MATERIALS AND METHODS
This study was conducted in joint venture among Drug Applied Research Center and Department of Anatomical Science and Department of Pharmaceutics of Tabriz University of Medical Sciences, Tabriz, Iran in collaboration with Histology, Embryology Department of Celal Bayar Medical University, Manisa, Turkey during 7 June 2007 to 7 August 2008.
Animals: A total of 40 adult male Sprague Dawley rats 3-3.5 month old were used in the experiment. All rats were obtained from Tabriz Medical University animal-house and at first quarantined and acclimatized to laboratory conditions for 2 weeks. During the experiments, each rat was housed, in a metal cage, with hardwood chips for bedding, in an air-conditioned room with a 12 h light/ 12 h dark cycle. All animals’ procedures complied with an approved TUMS animal care protocol and the Tabriz University of Medical Science Animal Care and use committee.
Chemicals: The chemicals, namely, 4-NQO and CCB were purchased from Sigma Inc. (Germany) and Aldrich Inc., (Germany), respectively. 4-NQO solution (30 ppm) was prepared trice a week by dissolving the carcinogen in distilled water and was given in light-opaque covered bottles. Rats were allowed access to the drinking water at all times during the treatment except 2-3 h after adhesive gels usage. Diets containing 2000 ppm CCB were also prepared trice a week. CCB powder was added to wet powdered basal diet and then dried in oven (50°C). Each rat received 2000 ppm CCB with daily food. Adhesive Gel was prepared by mixing the base plasty with oral paste including 2000 or 3000 ppm CCB. For base plasty preparation: liquid paraffin and LDPE (low density polyethylene) that were purchased from Petrochemical Industries Co., of Tabriz, were mixed with 9.5 to 0.5 proportion. For oral paste preparation: pectin, gelatine and sodium carboxy methyl seloluse 1/1/1 were mingled. Then oral paste added 2000 or 3000 ppm CCB, mixed with Base base plasty precisely. These adhesive gels were stored in plastic containers at 4°C until using.

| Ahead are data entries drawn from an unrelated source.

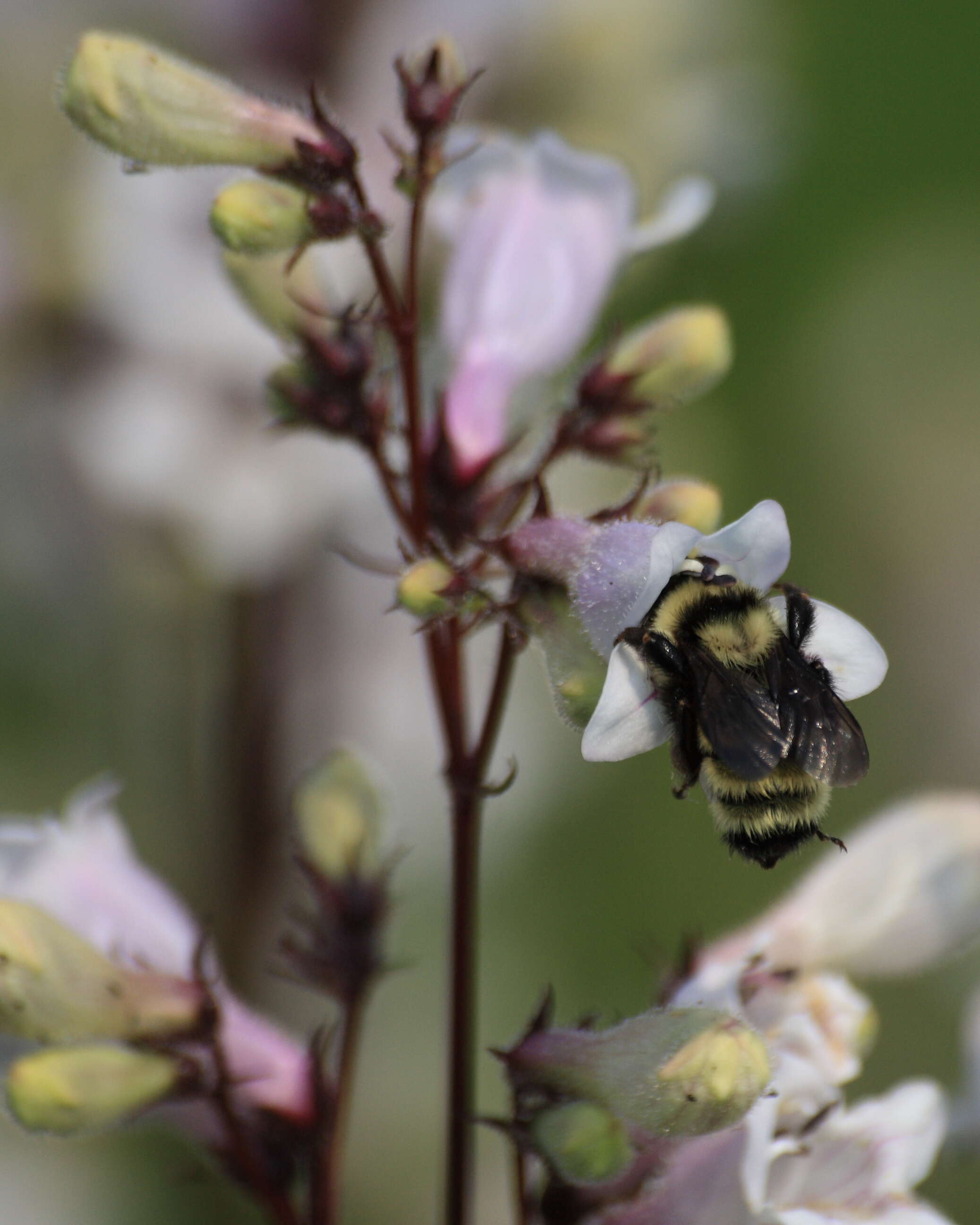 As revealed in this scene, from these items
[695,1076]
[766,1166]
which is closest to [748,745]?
[695,1076]

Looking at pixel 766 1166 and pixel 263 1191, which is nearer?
pixel 766 1166

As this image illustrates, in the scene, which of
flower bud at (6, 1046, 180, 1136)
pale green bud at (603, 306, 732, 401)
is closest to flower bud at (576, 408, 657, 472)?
pale green bud at (603, 306, 732, 401)

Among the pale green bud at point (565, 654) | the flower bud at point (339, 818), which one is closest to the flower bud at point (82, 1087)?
the flower bud at point (339, 818)

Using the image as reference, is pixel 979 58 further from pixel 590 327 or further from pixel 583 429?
pixel 583 429

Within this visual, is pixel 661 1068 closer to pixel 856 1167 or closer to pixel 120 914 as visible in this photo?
pixel 856 1167

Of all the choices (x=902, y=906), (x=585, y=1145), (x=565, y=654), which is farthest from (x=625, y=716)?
(x=902, y=906)

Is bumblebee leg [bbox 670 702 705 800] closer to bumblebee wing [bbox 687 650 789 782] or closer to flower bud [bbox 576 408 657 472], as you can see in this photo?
bumblebee wing [bbox 687 650 789 782] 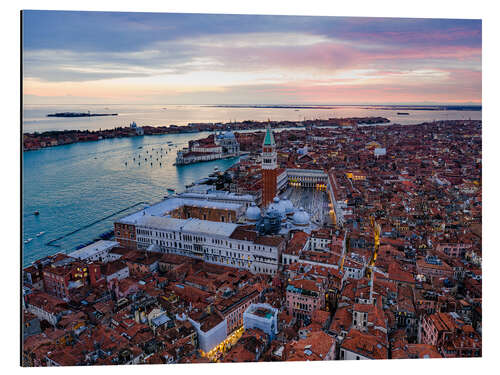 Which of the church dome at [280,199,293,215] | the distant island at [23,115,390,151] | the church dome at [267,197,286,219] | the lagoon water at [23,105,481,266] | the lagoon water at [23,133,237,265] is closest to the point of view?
the lagoon water at [23,105,481,266]

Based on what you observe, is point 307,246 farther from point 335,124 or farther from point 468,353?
point 335,124

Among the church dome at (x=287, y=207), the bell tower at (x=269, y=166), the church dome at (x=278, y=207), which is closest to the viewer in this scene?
the church dome at (x=278, y=207)

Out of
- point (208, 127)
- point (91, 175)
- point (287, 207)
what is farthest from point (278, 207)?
point (208, 127)

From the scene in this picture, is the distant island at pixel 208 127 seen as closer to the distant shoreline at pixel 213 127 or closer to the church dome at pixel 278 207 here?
the distant shoreline at pixel 213 127

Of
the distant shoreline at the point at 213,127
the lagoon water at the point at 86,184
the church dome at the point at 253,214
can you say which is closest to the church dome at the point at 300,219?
the church dome at the point at 253,214

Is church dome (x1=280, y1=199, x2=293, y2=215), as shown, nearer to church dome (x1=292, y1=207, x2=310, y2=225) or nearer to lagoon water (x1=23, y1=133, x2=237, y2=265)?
church dome (x1=292, y1=207, x2=310, y2=225)

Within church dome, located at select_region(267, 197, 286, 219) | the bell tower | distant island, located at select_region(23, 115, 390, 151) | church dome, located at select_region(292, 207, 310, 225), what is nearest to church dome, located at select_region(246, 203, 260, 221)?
church dome, located at select_region(267, 197, 286, 219) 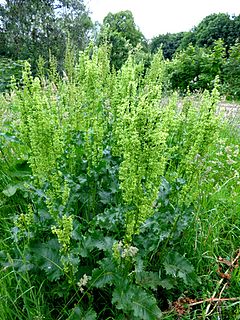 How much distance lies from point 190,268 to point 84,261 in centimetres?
67

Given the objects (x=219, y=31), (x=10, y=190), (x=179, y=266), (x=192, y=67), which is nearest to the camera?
(x=179, y=266)

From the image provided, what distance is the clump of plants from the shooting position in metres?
1.52

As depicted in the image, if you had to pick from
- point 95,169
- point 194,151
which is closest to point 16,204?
point 95,169

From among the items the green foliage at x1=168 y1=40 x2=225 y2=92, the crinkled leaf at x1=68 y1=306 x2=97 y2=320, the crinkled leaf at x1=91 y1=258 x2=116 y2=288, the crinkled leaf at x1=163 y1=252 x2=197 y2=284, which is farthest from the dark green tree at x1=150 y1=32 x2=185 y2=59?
the crinkled leaf at x1=68 y1=306 x2=97 y2=320

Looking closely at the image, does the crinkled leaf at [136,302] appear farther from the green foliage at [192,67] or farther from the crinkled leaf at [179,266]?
the green foliage at [192,67]

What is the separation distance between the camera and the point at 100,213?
1.99m

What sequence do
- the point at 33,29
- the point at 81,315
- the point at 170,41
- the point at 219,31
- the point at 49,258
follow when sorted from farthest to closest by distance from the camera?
1. the point at 170,41
2. the point at 219,31
3. the point at 33,29
4. the point at 49,258
5. the point at 81,315

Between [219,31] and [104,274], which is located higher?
[219,31]

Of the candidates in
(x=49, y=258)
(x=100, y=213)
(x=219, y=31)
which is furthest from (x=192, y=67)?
(x=219, y=31)

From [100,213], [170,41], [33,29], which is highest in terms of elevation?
[170,41]

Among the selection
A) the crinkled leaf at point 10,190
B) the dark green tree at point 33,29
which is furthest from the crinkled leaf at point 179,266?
the dark green tree at point 33,29

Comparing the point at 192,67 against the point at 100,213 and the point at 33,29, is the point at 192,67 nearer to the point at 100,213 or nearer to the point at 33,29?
the point at 33,29

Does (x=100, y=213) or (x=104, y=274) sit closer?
(x=104, y=274)

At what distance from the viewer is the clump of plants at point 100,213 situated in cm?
152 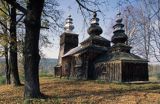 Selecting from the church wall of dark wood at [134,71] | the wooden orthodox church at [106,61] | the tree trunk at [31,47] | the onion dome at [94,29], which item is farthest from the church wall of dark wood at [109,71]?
the tree trunk at [31,47]

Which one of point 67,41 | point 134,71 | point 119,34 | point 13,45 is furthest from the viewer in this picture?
point 67,41

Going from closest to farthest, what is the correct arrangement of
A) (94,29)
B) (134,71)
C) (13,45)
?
(13,45) → (134,71) → (94,29)

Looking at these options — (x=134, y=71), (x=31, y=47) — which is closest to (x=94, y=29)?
(x=134, y=71)

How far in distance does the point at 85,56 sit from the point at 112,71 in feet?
21.3

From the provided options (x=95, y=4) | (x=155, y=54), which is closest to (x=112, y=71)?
(x=155, y=54)

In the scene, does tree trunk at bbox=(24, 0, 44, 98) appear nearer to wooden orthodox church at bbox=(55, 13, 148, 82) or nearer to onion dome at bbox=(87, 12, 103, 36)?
wooden orthodox church at bbox=(55, 13, 148, 82)

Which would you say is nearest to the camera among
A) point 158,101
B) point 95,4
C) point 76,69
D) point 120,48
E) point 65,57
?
point 158,101

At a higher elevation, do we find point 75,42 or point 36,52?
Result: point 75,42

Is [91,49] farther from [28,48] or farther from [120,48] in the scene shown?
[28,48]

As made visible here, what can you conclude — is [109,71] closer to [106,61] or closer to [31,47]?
[106,61]

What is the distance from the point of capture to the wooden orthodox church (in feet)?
117

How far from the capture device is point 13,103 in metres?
14.8

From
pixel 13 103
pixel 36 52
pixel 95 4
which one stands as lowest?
pixel 13 103

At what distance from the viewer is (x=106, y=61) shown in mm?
37344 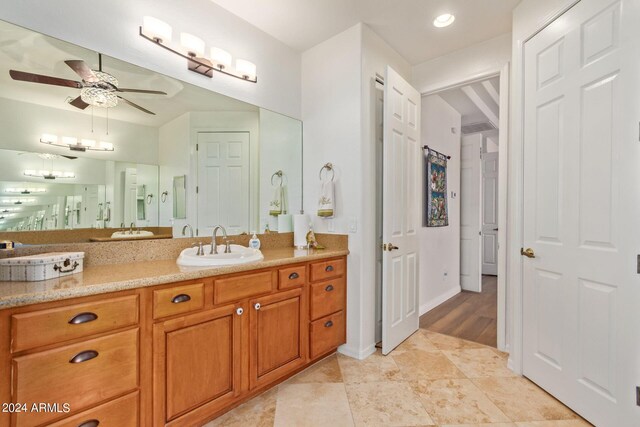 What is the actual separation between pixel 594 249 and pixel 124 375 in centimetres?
245

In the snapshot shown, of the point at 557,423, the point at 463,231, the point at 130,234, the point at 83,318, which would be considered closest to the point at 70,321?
the point at 83,318

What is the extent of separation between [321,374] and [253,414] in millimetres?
596

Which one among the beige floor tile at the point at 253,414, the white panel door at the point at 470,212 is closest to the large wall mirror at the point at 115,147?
the beige floor tile at the point at 253,414

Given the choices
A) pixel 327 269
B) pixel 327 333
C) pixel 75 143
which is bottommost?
pixel 327 333

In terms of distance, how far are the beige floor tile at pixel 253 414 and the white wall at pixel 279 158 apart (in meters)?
1.27

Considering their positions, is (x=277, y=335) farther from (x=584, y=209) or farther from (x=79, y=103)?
(x=584, y=209)

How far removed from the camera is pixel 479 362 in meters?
2.32

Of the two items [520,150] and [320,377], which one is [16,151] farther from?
[520,150]

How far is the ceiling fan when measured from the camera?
60.0 inches

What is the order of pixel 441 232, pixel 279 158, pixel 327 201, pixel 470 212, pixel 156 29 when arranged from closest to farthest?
pixel 156 29
pixel 327 201
pixel 279 158
pixel 441 232
pixel 470 212

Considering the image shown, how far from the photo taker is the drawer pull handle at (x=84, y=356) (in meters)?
1.15

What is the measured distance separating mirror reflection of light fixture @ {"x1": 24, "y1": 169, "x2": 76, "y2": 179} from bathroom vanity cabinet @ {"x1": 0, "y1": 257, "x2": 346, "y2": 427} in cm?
81

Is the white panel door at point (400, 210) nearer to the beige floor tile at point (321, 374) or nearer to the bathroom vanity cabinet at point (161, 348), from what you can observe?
the beige floor tile at point (321, 374)

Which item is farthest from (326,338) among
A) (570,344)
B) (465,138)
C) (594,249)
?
(465,138) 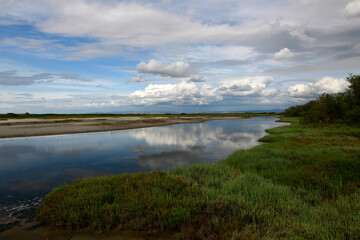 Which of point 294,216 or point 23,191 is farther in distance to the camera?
point 23,191

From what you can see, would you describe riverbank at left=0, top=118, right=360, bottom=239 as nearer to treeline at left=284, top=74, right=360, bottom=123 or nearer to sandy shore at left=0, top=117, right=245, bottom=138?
treeline at left=284, top=74, right=360, bottom=123

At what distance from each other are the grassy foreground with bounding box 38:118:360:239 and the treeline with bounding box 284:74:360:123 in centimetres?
3052

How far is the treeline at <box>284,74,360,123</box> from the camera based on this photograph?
110 feet

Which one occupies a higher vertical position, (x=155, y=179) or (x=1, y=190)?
(x=155, y=179)

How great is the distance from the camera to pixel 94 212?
7.43 meters

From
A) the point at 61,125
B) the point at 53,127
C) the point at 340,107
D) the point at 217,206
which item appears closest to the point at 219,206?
the point at 217,206

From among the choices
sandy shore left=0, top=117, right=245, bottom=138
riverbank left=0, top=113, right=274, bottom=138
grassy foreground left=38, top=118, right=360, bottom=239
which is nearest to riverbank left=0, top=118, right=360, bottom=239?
grassy foreground left=38, top=118, right=360, bottom=239

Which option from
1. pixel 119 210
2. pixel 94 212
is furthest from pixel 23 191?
pixel 119 210

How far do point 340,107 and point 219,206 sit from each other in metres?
44.0

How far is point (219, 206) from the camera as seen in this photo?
747 centimetres

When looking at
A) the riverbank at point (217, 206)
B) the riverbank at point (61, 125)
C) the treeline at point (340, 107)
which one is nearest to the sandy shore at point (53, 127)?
the riverbank at point (61, 125)

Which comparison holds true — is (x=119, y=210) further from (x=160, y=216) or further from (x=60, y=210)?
(x=60, y=210)

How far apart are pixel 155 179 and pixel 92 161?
36.7 ft

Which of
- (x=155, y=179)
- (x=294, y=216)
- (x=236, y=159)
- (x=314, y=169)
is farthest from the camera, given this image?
(x=236, y=159)
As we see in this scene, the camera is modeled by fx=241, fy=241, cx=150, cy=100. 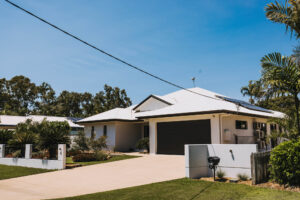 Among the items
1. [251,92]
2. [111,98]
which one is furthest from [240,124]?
[111,98]

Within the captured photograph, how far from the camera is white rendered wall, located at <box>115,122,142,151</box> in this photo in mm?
23578

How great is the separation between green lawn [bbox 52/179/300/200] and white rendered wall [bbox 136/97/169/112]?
15225 mm

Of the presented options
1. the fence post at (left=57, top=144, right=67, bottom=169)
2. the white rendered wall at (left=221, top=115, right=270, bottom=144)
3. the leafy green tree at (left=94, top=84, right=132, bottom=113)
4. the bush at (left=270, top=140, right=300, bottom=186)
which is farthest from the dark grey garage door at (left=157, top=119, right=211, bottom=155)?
the leafy green tree at (left=94, top=84, right=132, bottom=113)

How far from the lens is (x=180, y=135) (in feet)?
61.9

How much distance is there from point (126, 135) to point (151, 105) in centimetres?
396

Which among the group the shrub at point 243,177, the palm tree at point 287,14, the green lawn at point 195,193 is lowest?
the green lawn at point 195,193

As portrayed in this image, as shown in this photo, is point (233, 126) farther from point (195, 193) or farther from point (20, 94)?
point (20, 94)

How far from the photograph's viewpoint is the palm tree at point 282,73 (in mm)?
9703

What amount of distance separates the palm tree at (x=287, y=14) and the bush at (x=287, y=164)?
531 centimetres

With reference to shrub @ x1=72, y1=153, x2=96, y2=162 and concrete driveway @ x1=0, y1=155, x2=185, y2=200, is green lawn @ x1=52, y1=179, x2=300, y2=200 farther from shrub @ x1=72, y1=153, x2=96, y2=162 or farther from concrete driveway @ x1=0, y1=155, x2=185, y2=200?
shrub @ x1=72, y1=153, x2=96, y2=162

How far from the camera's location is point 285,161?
27.1 feet

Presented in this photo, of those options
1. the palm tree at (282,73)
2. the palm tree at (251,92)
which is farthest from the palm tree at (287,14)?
the palm tree at (251,92)

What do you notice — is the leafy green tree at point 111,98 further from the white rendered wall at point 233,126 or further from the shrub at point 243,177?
the shrub at point 243,177

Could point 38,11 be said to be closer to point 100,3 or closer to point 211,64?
point 100,3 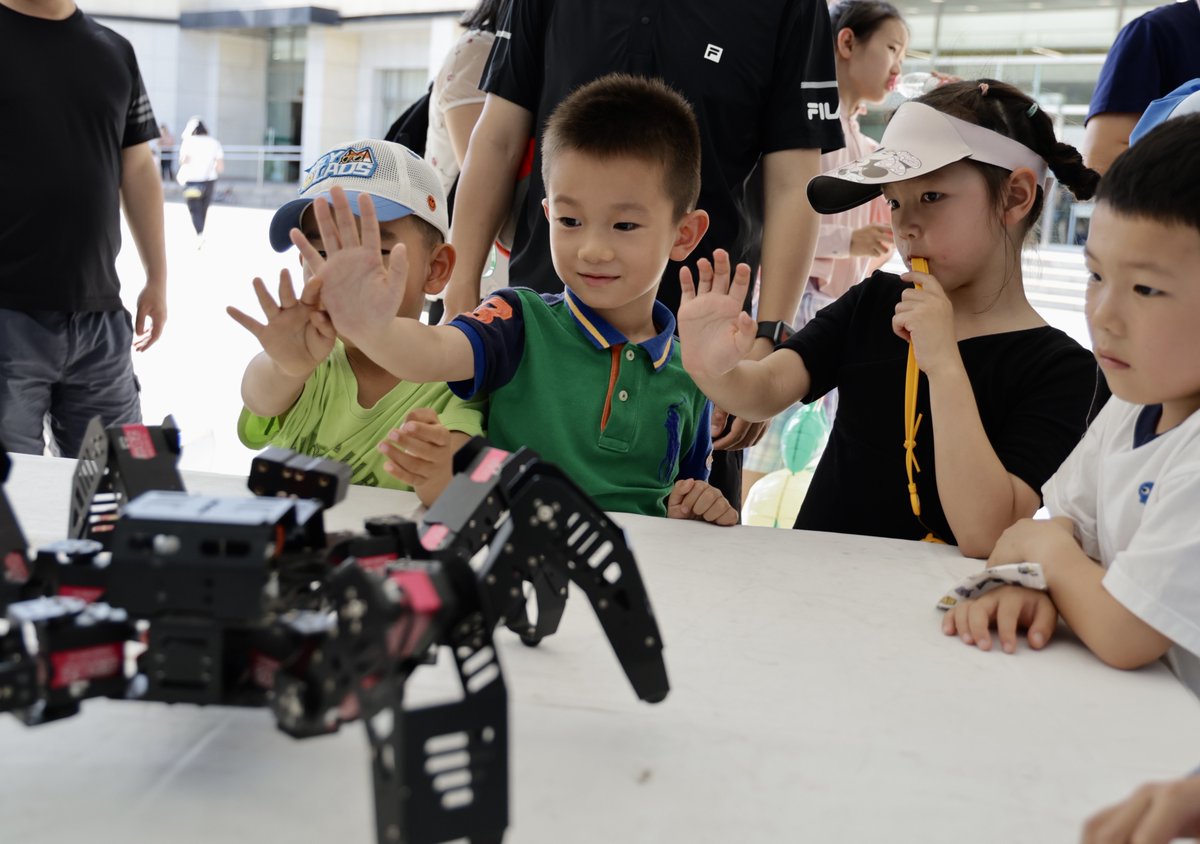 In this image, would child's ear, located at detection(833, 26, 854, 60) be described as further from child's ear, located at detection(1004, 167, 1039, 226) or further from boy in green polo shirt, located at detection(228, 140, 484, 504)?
boy in green polo shirt, located at detection(228, 140, 484, 504)

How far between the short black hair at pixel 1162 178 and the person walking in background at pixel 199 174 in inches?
361

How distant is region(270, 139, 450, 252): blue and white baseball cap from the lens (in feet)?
4.76

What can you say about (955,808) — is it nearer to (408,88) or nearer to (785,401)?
(785,401)

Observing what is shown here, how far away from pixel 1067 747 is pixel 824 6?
4.64ft

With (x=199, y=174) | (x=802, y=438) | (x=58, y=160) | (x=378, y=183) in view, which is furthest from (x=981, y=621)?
(x=199, y=174)

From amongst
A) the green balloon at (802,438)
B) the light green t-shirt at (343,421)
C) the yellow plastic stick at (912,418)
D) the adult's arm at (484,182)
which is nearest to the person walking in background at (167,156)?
the green balloon at (802,438)

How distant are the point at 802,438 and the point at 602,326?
1387mm

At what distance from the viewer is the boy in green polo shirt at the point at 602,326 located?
1.39 metres

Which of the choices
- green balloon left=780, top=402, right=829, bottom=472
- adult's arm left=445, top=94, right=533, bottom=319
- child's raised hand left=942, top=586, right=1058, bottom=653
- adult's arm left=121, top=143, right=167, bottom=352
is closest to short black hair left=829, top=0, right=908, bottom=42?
green balloon left=780, top=402, right=829, bottom=472

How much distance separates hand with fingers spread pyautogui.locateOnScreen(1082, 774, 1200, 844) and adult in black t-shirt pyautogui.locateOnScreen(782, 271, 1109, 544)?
77 cm

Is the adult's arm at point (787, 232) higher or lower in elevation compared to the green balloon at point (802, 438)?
higher

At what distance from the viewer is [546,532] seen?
68cm

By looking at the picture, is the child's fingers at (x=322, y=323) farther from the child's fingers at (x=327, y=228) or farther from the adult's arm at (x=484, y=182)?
the adult's arm at (x=484, y=182)

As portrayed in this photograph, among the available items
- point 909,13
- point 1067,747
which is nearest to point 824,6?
point 1067,747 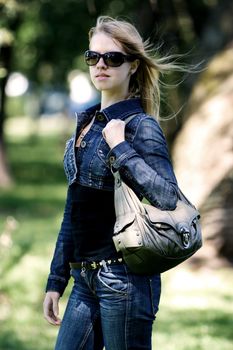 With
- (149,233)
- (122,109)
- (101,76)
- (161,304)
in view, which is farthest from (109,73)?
(161,304)

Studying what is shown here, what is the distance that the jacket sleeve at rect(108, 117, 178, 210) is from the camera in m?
3.37

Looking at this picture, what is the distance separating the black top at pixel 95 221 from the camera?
3.57m

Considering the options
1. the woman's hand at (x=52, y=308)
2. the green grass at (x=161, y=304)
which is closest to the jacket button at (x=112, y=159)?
the woman's hand at (x=52, y=308)

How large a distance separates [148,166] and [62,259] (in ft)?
2.49

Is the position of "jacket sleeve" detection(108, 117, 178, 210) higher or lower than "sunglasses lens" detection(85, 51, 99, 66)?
lower

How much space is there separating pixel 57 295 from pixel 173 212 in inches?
31.7

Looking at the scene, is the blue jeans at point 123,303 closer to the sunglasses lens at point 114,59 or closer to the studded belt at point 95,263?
the studded belt at point 95,263

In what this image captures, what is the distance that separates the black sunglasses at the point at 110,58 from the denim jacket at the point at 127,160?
0.16 metres

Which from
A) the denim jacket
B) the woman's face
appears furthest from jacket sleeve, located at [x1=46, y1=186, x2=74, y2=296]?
the woman's face

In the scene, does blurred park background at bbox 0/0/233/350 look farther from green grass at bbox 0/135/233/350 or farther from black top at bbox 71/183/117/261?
black top at bbox 71/183/117/261

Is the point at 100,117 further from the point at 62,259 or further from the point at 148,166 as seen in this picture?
the point at 62,259

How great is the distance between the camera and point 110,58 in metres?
3.65

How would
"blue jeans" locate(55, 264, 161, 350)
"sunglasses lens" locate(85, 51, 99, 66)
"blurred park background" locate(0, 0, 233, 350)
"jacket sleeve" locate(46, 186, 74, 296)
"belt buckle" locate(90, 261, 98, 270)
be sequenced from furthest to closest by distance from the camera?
"blurred park background" locate(0, 0, 233, 350), "jacket sleeve" locate(46, 186, 74, 296), "sunglasses lens" locate(85, 51, 99, 66), "belt buckle" locate(90, 261, 98, 270), "blue jeans" locate(55, 264, 161, 350)

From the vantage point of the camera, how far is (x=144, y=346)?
3566 mm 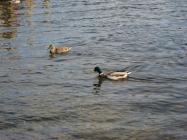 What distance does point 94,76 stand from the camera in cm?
2864

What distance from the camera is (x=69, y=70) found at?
2959 centimetres

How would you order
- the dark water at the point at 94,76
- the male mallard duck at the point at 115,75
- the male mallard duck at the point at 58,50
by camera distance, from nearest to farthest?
the dark water at the point at 94,76 → the male mallard duck at the point at 115,75 → the male mallard duck at the point at 58,50

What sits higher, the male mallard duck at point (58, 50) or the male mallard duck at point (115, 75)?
the male mallard duck at point (58, 50)

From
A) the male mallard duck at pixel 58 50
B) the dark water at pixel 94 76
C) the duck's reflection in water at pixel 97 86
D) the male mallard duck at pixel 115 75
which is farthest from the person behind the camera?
the male mallard duck at pixel 58 50

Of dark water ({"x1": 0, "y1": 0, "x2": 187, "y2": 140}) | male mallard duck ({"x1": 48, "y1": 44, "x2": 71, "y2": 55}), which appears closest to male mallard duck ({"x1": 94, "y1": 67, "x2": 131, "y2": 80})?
dark water ({"x1": 0, "y1": 0, "x2": 187, "y2": 140})

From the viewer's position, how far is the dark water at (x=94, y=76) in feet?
69.3

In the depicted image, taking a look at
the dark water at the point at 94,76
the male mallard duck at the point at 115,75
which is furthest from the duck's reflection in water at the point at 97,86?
the male mallard duck at the point at 115,75

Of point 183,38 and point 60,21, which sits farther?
point 60,21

Experimental procedure: The rats were randomly assigned to 1 of the 4 treatment groups. These groups include group 1, 30 ppm 4-NQO treatment; group 2, 30 ppm 4-NQO+2000 ppm dietary CCB treatment; group 3, 30 ppm 4-NQO+2000 ppm topical CCB treatment; group 4, 30 ppm 4-NQO+3000 ppm topical CCB treatment.
At the end of 8 weeks, animals were sacrified under ether anesthesia. Their whole tongues were incised and then oral part (2/3 anterior) longitudinally cut into 2 slices and each of them again cut into 2 halves. After fixation of specimens in 10% phosphate-buffered formalin for 48 h prepared for light, routinely embedded in paraffin and was sectioned serially. The serial 5 μm sections were stained with H and E, Ki67 (Code No. M7248/ Dako/Denmark), c-erb-B2 (Cat No. 115/DBS/CA, USA), bcl2 (Cat No. SC-7382/Santa Cruz Biotechnology/CA, USA), bax (Cat No. SC-7480/Santa Cruz Biotechnology/ CA, USA) and TUNEL (Cat No. 11 684 817 910) staining. Immunohistochemical staining was carried out according to factory instruction. The immunoreactive cells and also TUNEL positive cells appeared brown.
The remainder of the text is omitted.